Co-Curricular-Making Resources

kʷu limʼt p cyʕap - we are happy you have arrived

The purpose of this curricular site is to enhance educators’ professional knowledge and capacities towards curricular Indigenization. All materials and resources included on this site are publicly available.

We draw your attention to the Memorandum of Understanding on Educational Cooperation and Programming between UBC Okanagan and Okanagan Nation Alliance; and the Community Research Agreement between Okanagan Nation Alliance and Okanagan School of Education.

These agreements honor Indigenous Intellectual Property understood as Indigenous cultural information, knowledge, uses, and practices unique to the Community’s ways of life, maintained and established over Indigenous homelands and areas since time immemorial.
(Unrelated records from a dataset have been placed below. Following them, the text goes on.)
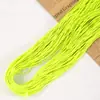 Banda elástica redonda de 0.8-2.0 mm, cordón elástico de látex colorido para joyería, manualidades hechas a mano y pulseras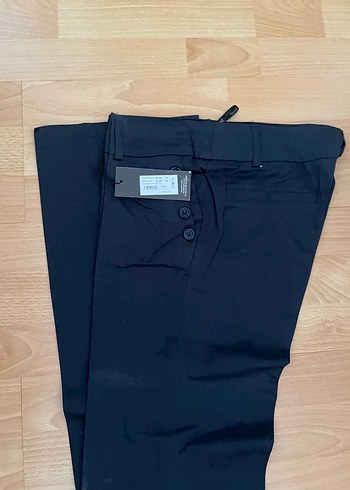 Koton Kadın Siyah Kemerli Denim Pantolon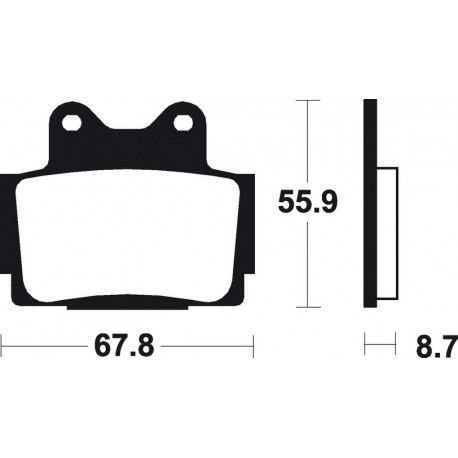 YAMAHA SDR 200 (88-16) DELANTERAS BREMBO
It is recognized that ONA is the governing body of the Syilx (Okanagan people) who have been the traditional territory holders of Okanagan lands from time immemorial. As the Syilx are the local territory holders, the ONA have asserted their responsibility for the well-being of Syilx people along with other diverse Indigenous peoples living on their traditional lands.  It is expected that the principles of ownership, control, access and possession of Indigenous intellectual property will be respected.

Welcome to the Land

 

Elders Pamela and Grouse Barnes are Syilx educators and Knowledge Keepers from Westbank First Nation. Their work is dedicated to preserving the Syilx language—nsyilxcen—, knowledge, and culture. Pamela graduated from UVic in 1993 with studies in Aboriginal government, and is one of the founders of Sensisyusten School. She works with several boards and groups locally. Both Pamela and Grouse are adjunct professors with the UBC School of Nursing, teaching cultural sensitivity training. Grouse is a fluent nsyilxcen speaker. He attended the En’owkin Centre where he learned to read and write in the oral language, toward becoming an educator. He is a spiritual care provider in the community and serves in various capacities throughout Okanagan Nation. Pamela and Grouse are both Okanagan College Honorary Fellows.

Land Acknowledgement

We respectfully acknowledge that the land on which we gather is the unceded territory of the Syilx (Okanagan) Peoples.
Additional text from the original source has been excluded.